The world welcomed Canada’s Greatest Singer/Songwriter on November 17, 1938 in Orillia, Ontario. Mr. Gordon Lightfoot spent years in the 1960’s crafting music for other performers in the United States and Canada, but never having much success as a solo musician. Everything changed in the late 1960’s when a re-release of “If You Could Read My Mind” suddenly reached meteoric heights of critical and commercial acclaim.
What followed was a string of hits that took the country by storm. Mr. Gordon Lightfoot’s folk style combined with poetic lyrics and real heartfelt emotion enthralled music lovers everywhere. Classics like Sundown and Rainy Day People are evocative of The Beatles Eleanor Rigby and the feelings of loneliness they describe. The wanderers among us can feel the lure of the journey through Carefree Highway. And possibly his second greatness masterpiece, The Wreck Of The Edmund Fitzgerald, propels the listener into one of Canada’s biggest tragedies. The song is a powerful tribute to the fallen.
This deserved success resulted in multiple artists covering Mr. Gordon Lightfoot’s wondrous music, and numerous accolades being bestowed upon him. From compilation albums to the Order of Canada, his homeland have shown their appreciation of his amazing talents. But during his career various pitfalls troubled the man. A first marriage broken up because of his infidelity and a second also recently ended, Mr. Gordon Lightfoot has had at intervals dealt with alcoholism as well. These topics he has covered numerous times, very openly, in many interviews.
My own dealings with his music started when I was a small child, spending part of my summers with my Grandparents. They lived nearby Orillia and my Grandma would regale me with tales of one of her favourite musicians. Her affection for this man and all he had overcome were obvious. As the years went by, my own love for his talents grew. Grandma had planted the seed. And I had nurtured it.
Flashforward to the year before our wedding, when we were picking out music for the ceremony. The power of Mr. Gordon Lightfoot was something I shamefully realized I had not shared with my love. Thereby one of the songs played during the photos was “If You Could Read My Mind”, and Grandma smiled from above. Some time later we purchased tickets to one of his concerts, but it was unfortunately delayed when he was stricken with a serious illness. But we finally, months and months later, sat in the audience and basked in the glory of the legend. Beautiful.
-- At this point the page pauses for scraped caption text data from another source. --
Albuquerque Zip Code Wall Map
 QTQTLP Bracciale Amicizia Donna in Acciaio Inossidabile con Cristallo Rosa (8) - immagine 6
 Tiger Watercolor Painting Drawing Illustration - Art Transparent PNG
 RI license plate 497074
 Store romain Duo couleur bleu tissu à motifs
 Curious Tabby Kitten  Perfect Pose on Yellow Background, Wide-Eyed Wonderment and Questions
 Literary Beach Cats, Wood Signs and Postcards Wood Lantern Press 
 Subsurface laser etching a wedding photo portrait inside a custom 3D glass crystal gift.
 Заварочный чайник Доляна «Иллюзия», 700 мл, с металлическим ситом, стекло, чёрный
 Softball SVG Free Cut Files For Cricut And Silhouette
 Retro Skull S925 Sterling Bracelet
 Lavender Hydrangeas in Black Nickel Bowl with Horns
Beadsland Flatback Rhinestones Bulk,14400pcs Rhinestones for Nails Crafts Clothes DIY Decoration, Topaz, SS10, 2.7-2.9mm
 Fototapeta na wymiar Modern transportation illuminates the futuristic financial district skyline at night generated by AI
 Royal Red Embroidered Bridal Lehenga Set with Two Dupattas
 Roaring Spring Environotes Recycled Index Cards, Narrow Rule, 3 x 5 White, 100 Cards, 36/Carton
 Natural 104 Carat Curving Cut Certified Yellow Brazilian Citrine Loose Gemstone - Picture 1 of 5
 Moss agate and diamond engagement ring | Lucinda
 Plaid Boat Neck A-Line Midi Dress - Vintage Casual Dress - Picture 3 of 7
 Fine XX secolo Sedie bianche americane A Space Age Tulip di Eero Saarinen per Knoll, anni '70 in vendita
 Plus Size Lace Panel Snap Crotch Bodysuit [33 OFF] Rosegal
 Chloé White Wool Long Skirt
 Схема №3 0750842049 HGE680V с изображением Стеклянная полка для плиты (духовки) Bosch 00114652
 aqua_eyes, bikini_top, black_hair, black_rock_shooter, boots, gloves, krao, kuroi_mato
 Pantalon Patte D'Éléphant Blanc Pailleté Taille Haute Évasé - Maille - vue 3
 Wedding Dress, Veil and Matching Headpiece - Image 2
This past summer was when the global reach of Mr. Gordon Lightfoot’s magic was illuminated to me. On a wonderful Saturday evening in late August, a group of us geeks were departing FanExpo on our way to merriment. We were strolling up Simcoe Street, approaching Front Street, and several musicians were playing on different corners. And one gentleman, set up on the south-east corner had a steel drum in his possession. The magic that came from him floated down to greet us. My ears perked up, as did my newfound friend Murd from Comic Geek Speak. We exchanged looks, then smiles, and just I uttered “I know this song”, Murd responded in his customary mellow voice “Gordon Lightfoot.” All talk between us of Superman or Phineas and Ferb vanished, replaced with a mutual admiration. A golden spontaneous moment of pure fandom, something to savour in life. And this moment was the impetus of this tale. And the song was, by the way, “If You Could Read My Mind.”
Mr. Gordon Lightfoot. You have crafted music for my life. Tunes that I played to as a child. Followed by melodies that filled my wedding day. And harmonies that created perfect moments of clarity right on the streets of Toronto. Besides myself you have effected so many for so long with your gifts. And we all thank you for it.